----- Original Message -----
From: "Andre Oppermann" <an...@freebsd.org>
To: "Steven Hartland" <kill...@multiplay.co.uk>
Cc: "Alfred Perlstein" <alf...@ixsystems.com>; <sta...@freebsd.org>;
<r...@freebsd.org>; <nones...@longcount.org>
Sent: Thursday, July 11, 2013 1:47 PM
Subject: Re: status of autotuning freebsd for 9.2
On 11.07.2013 11:08, Steven Hartland wrote:
----- Original Message ----- From: "Andre Oppermann" <an...@freebsd.org>
On 08.07.2013 16:37, Andre Oppermann wrote:
On 07.07.2013 20:24, Alfred Perlstein wrote:
On 7/7/13 1:34 AM, Andre Oppermann wrote:
Can you help me with with testing?
Yes. Please give me your proposed changes and I'll stand up a machine and give
feedback.
http://people.freebsd.org/~andre/mfc-autotuning-20130708.diff
Any feedback from testers on this? The MFC window is closing soon.

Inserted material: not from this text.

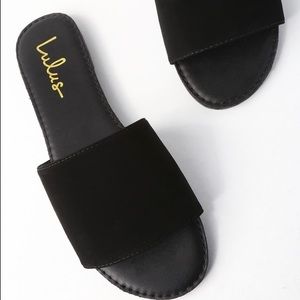 NEW Lulu’s Black Nubuck Sandals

Few things I've noticed most of which look like issues against the original
patch and not the MFC but worth mentioning.
1. You've introduced a new tunable kern.maxmbufmem which is autosized but
doesnt seem to be exposed via a sysctl so it looks like there is no way
to determine what its actually set to?
Good point. I've made it global and exposed as kern.ipc.maxmbufmem (RDTUN).
2. There's a missmatch between the tuneable kern.ipc.nmbufs in tunable_mbinit
and the sysctl kern.ipc.nmbuf i.e. no 's'.
That's a typo, fixed.
3. Should kern.maxmbufmem be kern.ipc.maxmbufmem to sit along side all of
the other sysctls?
Yes, see above.
4. style issues:
* @@ -178,11 +202,13 @@
...
if (newnmbjumbo9 > nmbjumbo9&&
Thanks. All fixed in r253204.
Finally out of interest what made us arrive at the various defaults for each
type as it looks like the ratios have changed?
Before it was an arbitrary mess. Mbufs were not limited at all and the others
to some random multiple of maxusers with the net limit ending up at some 25,000
mbuf clusters by default.
Now default overall limit is set at 50% of all available min(physical, kmem_map)
memory to prevent mbufs from monopolizing kernel memory and leave some space for
other kernel structures and buffers as well as user-space programs. It can be
raised to 3/4 of available memory by the tunable.
2K and 4K (page size) mbuf clusters can each go up to 25% of this mbuf memory.
The former is dominantly used on the receive path and the latter in the send
path.
9K and 16K jumbo mbuf clusters can each go up to 12.5% of mbuf memory. They are
only used in the receive path if large jumbo MTUs on a network interface are
active.
Both are special in that their memory is contiguous in KVM and physical memory.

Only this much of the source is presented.